コメント
- まず最初に作者様に素敵な作品を有り難うございますとお伝えしたいです。
現実の価値観とファンタジー世界を融合させた独特の世界観、
個性的な5人のメインキャラの光と影が丁寧に描かれたストーリー、
音楽や画面に舞台演出の方法を見事にゲームに取り入れる手腕……。
光っているところは細かく上げればキリがないです。
何よりも、「悲しいとか憎いといった負の感情で迷った時には、
幸せになりたいとか、好きだとかいった最初の気持ちを思いだそう」
という強いメッセージに心を打たれました。
今年も多くの素晴らしいフリゲがリリースされましたが、
私にとってベストは間違いなくこれです。
最後に一言「クオン! 大好きだーーーーっ!」 - リメイク前からずっと大好きだった作品です。
ゲーム面でのチャット・エンカ率難易度設定・各種オプション・テレポート搭載という親切設計はもちろんのこと。
一番はRPGという媒体でありながら「親離れ」に切り込んだシナリオ。そしてキャラクターの明暗の見せ方です。
思春期特有の複雑な感情を、演劇作法に基づいた画面効果で演出され、見ている自分が身につまされる思いになります。
ラストシーンの余韻の残し方まで完璧です。映画一本観終わったかのような虚無感に襲われました。
難易度を選択できるし、状態異常や能力弱体がボスにも通るので、初心者層にもおすすめできます。ただし裏ボスは馬鹿強いので歯ごたえのほしい層向け。
だが裏ボスを倒した先には、本作ナンバーワンのイケメンで頭良くて不器用に優しくてなんか可愛い、ぶっちぎり人気のあの方をお譲りいただけるぞ! キャー! クオン様ステキー(爆発音) - この作品というか、この作者のゲームを一言でいうなら「ごった煮なのに違和感がないの不思議!」
まずシステム面。敵味方共有のEPを使って放たれる必殺スキルだったり、CTBによる行動順ボーナスだったり、独自のシステムはある。けど、チュートリアル(閲覧するかは選択可)が丁寧なのですぐに掴めた。
シナリオ面は顕著で、勇者と大魔王の王道RPG・・・・・・の中に、思春期ならではの心の揺れ動きや家族との複雑な関係という、現代の若者あるあるな設定を持つキャラクターを突っ込んでくる。でも違和感がない。不思議なくらい。

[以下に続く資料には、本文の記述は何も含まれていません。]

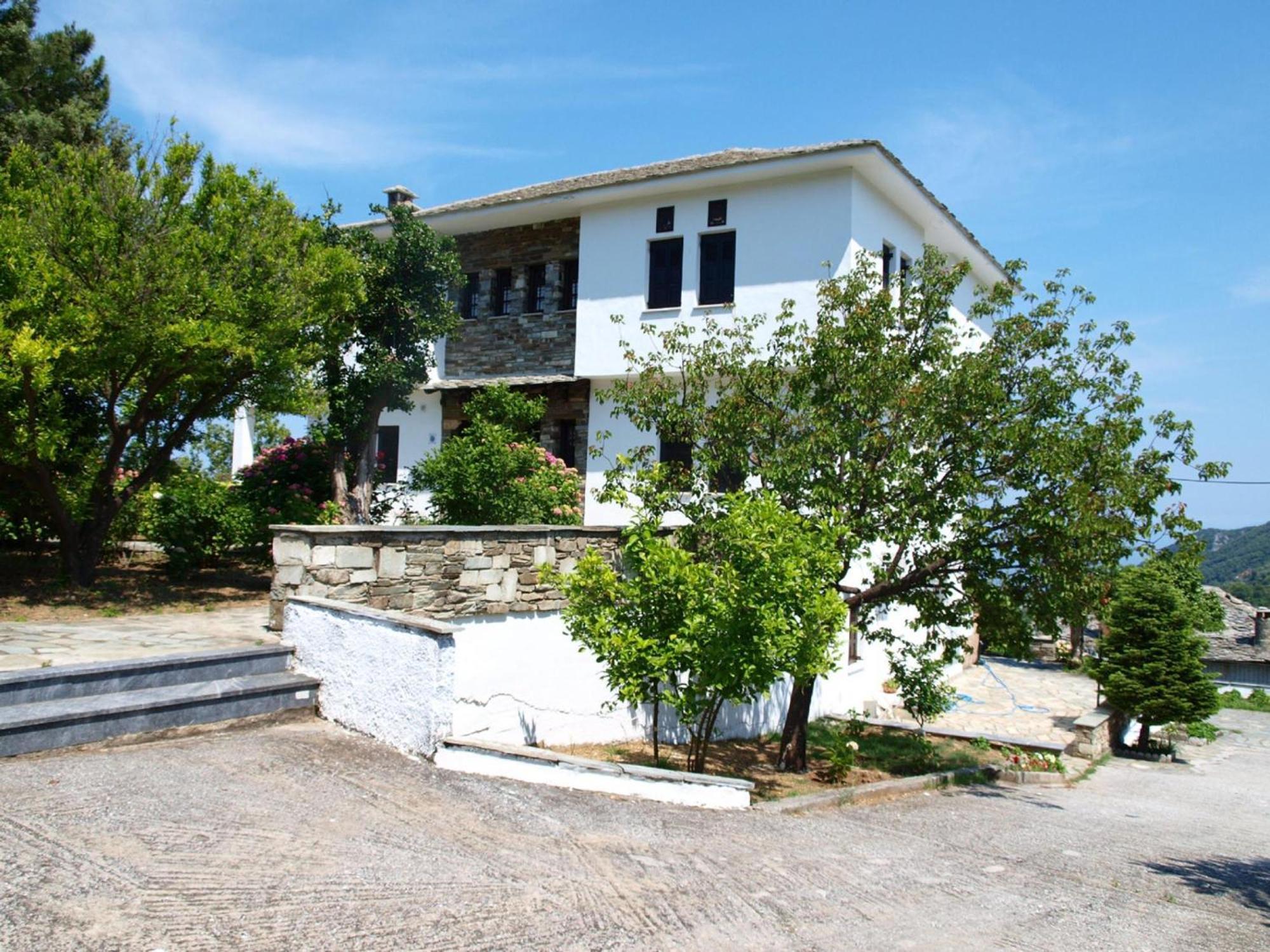 Villa Zina Agios Dimitrios เอยอส ดิมิตริออส ภายนอก รูปภาพ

独特の言語センスから放たれるギャグと、キャラのよいところ悪いところを余すことなく書くことで奥行きが増すシリアス。この明暗のメリハリがラストシーンの爽やかに胸を打つ読後感を生み出す。
「ごった煮なのに違和感がない」ようにするために、システム面ではチュートリアルやオプションによる手引きを用意し、シナリオ面はBGMの強弱、画面の明暗等の演出を使ってメリハリを付けている。個人的に、この作者の最大の強みはここだと思う。
今は小説活動に移行してしまったようだが、またいつかフリゲを作ってほしいという願いも込めて一票。